> **EXERCISE**:
Set down, exactly as written, the line containing "Il mio posto" and all the lines that follow it to the end of the entries below, omitting every picture.

[[ INPUT FOR THIS TASK open ]]

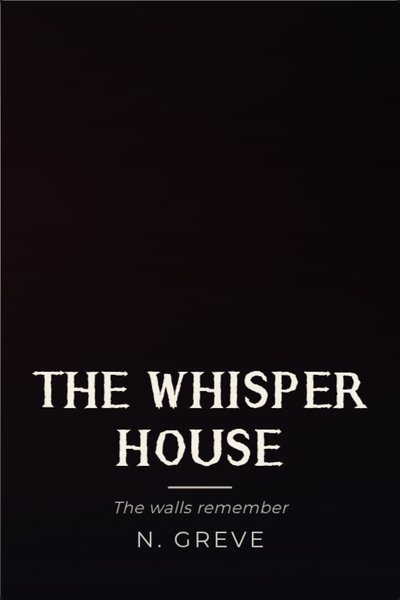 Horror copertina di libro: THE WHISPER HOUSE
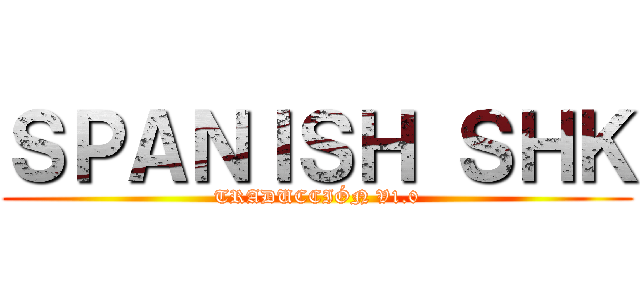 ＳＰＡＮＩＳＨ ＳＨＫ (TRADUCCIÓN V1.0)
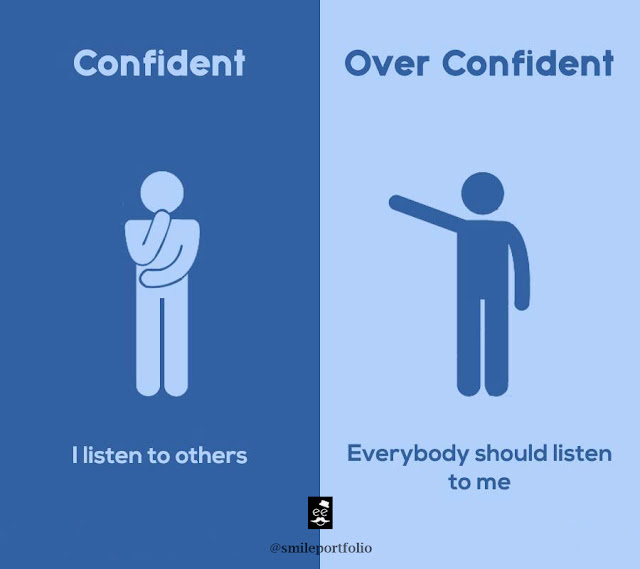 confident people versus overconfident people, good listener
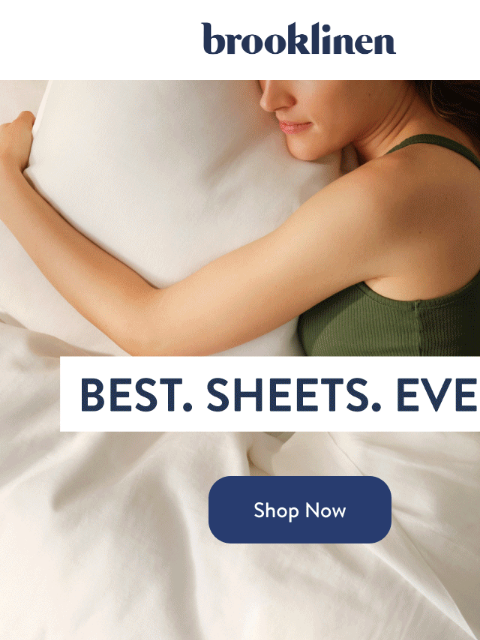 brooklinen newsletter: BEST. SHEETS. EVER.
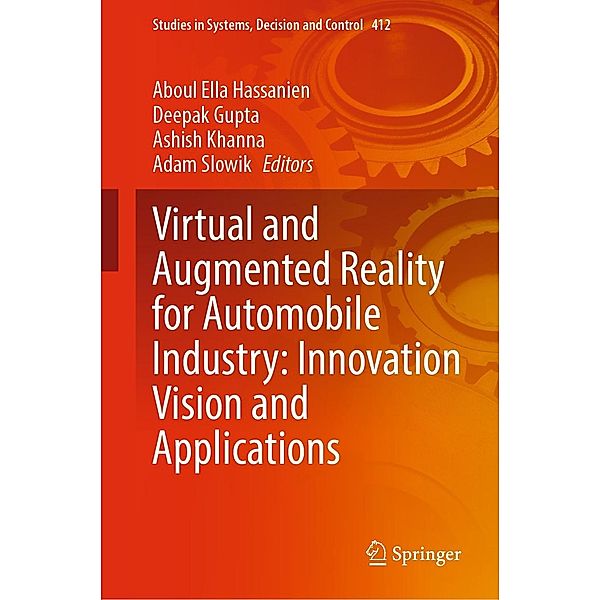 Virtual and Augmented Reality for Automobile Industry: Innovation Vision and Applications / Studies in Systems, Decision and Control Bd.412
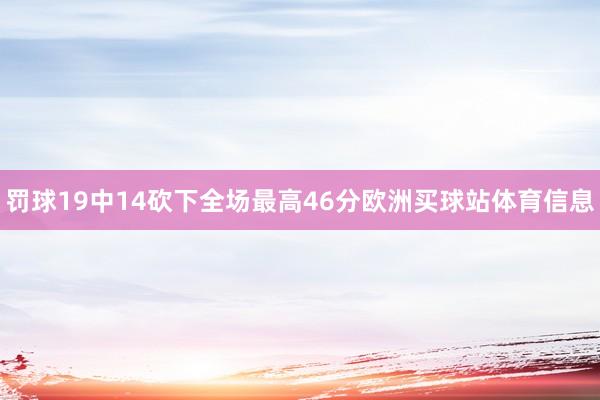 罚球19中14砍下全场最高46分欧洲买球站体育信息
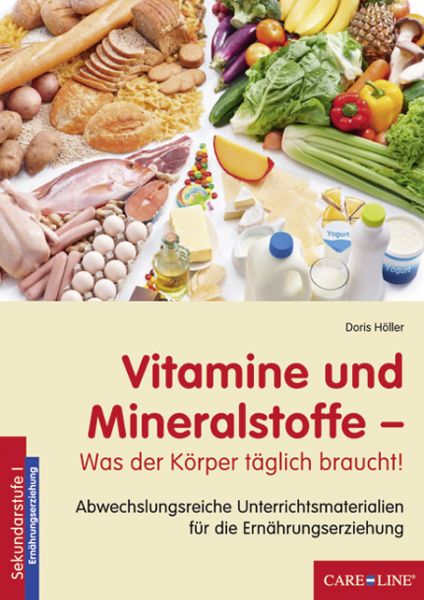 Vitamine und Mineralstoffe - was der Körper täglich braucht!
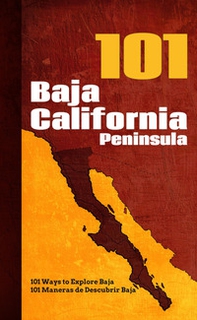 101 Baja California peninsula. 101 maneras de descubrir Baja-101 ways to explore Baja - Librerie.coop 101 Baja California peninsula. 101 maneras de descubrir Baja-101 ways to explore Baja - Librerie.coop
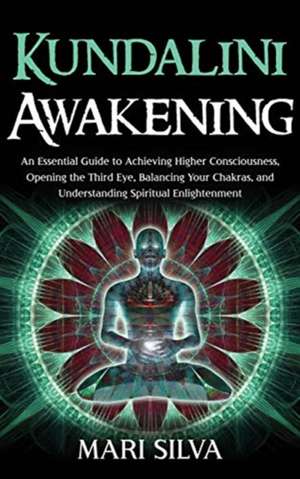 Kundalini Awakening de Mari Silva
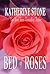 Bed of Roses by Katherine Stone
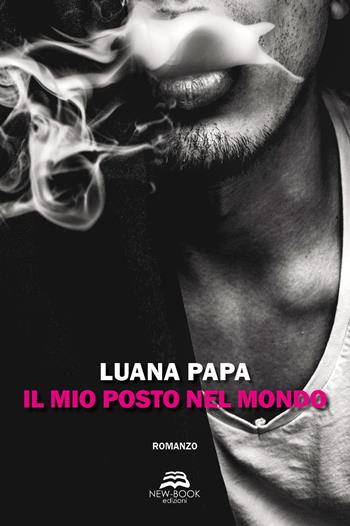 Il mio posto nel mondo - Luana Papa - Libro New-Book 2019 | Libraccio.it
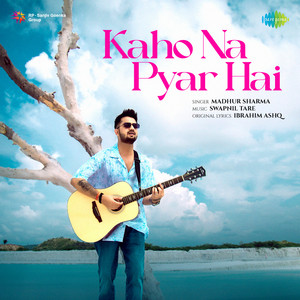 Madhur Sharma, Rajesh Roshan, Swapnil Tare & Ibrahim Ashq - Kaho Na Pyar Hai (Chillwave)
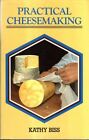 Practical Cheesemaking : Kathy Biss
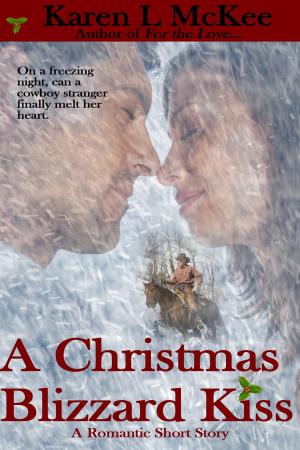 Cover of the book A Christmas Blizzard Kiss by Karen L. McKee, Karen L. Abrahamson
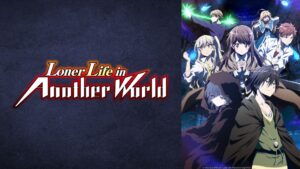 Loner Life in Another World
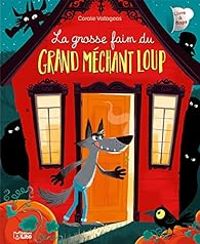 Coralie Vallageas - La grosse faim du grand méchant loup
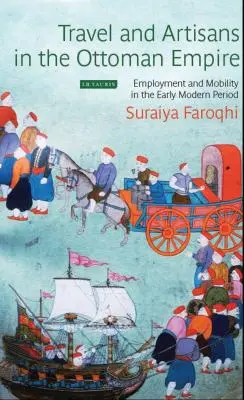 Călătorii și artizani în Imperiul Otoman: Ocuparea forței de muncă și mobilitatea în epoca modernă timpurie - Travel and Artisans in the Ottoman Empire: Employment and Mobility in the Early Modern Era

[[ INPUT FOR THIS TASK closed ]]

> **OUTPUT FOR THIS EXERCISE**:
 Il mio posto nel mondo - Luana Papa - Libro New-Book 2019 | Libraccio.it
 Madhur Sharma, Rajesh Roshan, Swapnil Tare & Ibrahim Ashq - Kaho Na Pyar Hai (Chillwave)
 Practical Cheesemaking : Kathy Biss
 Cover of the book A Christmas Blizzard Kiss by Karen L. McKee, Karen L. Abrahamson
 Loner Life in Another World
 Coralie Vallageas - La grosse faim du grand méchant loup
 Călătorii și artizani în Imperiul Otoman: Ocuparea forței de muncă și mobilitatea în epoca modernă timpurie - Travel and Artisans in the Ottoman Empire: Employment and Mobility in the Early Modern Era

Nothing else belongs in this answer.